▶ **Work to complete**:
Precisely the lines from the one with "Listing Image 18" through the end of the data, both included, must make up the response, each restated word for word.

[Brief descriptive captions]
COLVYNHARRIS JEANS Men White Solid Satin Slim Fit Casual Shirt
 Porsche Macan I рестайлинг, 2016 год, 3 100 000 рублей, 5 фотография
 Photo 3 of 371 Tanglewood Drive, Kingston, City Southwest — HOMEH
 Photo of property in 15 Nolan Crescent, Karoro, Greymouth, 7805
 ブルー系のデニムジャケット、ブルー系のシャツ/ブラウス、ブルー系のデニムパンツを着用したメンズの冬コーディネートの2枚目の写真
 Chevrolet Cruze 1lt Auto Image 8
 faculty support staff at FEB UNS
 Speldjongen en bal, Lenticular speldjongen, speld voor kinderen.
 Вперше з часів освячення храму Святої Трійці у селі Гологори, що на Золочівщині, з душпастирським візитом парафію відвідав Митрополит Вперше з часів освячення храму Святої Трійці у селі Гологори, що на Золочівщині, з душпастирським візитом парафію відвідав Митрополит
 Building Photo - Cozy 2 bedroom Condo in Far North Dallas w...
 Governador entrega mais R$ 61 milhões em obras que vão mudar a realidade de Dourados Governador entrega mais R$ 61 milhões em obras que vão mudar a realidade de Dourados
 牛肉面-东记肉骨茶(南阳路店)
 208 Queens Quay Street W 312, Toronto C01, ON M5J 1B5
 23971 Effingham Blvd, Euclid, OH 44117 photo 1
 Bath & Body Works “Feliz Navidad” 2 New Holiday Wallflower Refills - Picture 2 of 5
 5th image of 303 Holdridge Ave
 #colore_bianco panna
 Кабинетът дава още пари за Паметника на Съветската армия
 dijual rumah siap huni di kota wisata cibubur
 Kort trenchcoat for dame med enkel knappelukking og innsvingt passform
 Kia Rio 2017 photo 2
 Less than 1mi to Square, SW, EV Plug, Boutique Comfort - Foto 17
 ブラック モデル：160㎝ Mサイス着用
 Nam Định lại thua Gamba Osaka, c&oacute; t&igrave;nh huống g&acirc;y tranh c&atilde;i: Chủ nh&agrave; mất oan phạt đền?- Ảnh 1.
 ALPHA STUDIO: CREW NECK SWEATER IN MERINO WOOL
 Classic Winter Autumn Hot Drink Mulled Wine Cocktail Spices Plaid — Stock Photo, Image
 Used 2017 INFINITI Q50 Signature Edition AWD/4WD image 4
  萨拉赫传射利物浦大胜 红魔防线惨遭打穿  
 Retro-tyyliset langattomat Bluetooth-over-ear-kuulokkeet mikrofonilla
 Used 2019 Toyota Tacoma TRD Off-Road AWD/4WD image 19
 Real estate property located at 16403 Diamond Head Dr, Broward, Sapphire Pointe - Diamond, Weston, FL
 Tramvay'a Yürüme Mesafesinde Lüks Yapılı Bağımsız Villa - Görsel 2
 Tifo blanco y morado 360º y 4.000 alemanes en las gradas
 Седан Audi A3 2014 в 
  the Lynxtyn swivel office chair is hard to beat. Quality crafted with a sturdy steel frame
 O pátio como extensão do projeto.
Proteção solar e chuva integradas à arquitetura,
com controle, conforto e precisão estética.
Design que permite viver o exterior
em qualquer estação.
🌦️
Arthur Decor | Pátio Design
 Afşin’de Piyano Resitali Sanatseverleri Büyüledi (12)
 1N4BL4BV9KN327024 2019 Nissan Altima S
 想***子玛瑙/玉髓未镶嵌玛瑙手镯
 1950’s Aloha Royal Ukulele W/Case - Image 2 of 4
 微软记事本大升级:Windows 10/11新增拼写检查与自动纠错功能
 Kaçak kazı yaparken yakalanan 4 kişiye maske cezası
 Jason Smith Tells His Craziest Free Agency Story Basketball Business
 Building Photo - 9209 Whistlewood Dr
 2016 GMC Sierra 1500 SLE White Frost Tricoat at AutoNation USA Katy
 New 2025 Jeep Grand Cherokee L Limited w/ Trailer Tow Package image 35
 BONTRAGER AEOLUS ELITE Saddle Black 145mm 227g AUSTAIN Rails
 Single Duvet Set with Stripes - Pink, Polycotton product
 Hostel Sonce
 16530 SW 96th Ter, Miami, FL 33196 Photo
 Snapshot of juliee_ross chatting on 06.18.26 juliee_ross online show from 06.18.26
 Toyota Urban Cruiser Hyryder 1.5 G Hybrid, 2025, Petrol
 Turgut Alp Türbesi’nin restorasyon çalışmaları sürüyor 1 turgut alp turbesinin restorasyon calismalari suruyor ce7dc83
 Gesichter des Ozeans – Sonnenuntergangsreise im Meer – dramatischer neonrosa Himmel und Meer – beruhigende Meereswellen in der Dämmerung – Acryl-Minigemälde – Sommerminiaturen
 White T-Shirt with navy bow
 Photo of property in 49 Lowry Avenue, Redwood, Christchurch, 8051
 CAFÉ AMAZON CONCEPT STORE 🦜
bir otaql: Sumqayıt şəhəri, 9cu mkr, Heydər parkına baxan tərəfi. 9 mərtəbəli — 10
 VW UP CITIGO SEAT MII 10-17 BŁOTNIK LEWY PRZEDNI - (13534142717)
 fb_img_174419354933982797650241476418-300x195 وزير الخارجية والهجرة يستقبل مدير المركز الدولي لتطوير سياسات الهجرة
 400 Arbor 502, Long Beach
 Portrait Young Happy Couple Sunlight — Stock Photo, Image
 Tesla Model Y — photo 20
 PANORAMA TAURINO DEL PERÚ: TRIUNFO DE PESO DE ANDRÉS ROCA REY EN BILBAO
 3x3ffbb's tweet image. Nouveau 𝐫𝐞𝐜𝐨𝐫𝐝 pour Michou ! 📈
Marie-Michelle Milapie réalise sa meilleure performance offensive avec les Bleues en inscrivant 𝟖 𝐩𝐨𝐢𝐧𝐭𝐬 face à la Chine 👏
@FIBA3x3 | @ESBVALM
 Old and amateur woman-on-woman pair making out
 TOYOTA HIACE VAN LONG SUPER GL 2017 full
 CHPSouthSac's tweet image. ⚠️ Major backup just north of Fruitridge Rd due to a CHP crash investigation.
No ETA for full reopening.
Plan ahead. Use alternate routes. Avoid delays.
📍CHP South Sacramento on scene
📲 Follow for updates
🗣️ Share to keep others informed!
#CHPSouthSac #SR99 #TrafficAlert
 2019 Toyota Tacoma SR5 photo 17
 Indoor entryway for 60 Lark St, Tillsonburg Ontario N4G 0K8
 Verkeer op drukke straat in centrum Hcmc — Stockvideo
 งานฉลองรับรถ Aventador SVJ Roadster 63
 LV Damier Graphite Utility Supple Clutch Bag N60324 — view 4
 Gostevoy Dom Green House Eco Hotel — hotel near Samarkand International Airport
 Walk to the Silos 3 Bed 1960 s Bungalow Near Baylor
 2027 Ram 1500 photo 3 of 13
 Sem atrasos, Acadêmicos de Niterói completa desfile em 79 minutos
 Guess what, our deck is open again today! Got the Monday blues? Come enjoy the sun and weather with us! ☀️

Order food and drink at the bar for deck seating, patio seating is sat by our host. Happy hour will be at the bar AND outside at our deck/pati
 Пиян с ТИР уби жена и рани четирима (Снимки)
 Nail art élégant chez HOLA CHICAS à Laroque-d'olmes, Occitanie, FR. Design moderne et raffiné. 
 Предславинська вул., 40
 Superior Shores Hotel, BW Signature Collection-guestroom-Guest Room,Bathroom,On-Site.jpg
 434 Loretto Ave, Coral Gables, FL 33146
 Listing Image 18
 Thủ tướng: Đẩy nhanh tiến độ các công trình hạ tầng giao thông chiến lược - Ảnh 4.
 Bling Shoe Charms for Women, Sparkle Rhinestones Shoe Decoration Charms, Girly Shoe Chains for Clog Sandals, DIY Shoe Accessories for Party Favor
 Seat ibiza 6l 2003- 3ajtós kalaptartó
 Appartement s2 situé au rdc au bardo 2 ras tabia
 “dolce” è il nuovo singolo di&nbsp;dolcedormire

▶ **Completed exercise**:
 Listing Image 18
 Thủ tướng: Đẩy nhanh tiến độ các công trình hạ tầng giao thông chiến lược - Ảnh 4.
 Bling Shoe Charms for Women, Sparkle Rhinestones Shoe Decoration Charms, Girly Shoe Chains for Clog Sandals, DIY Shoe Accessories for Party Favor
 Seat ibiza 6l 2003- 3ajtós kalaptartó
 Appartement s2 situé au rdc au bardo 2 ras tabia
 “dolce” è il nuovo singolo di&nbsp;dolcedormire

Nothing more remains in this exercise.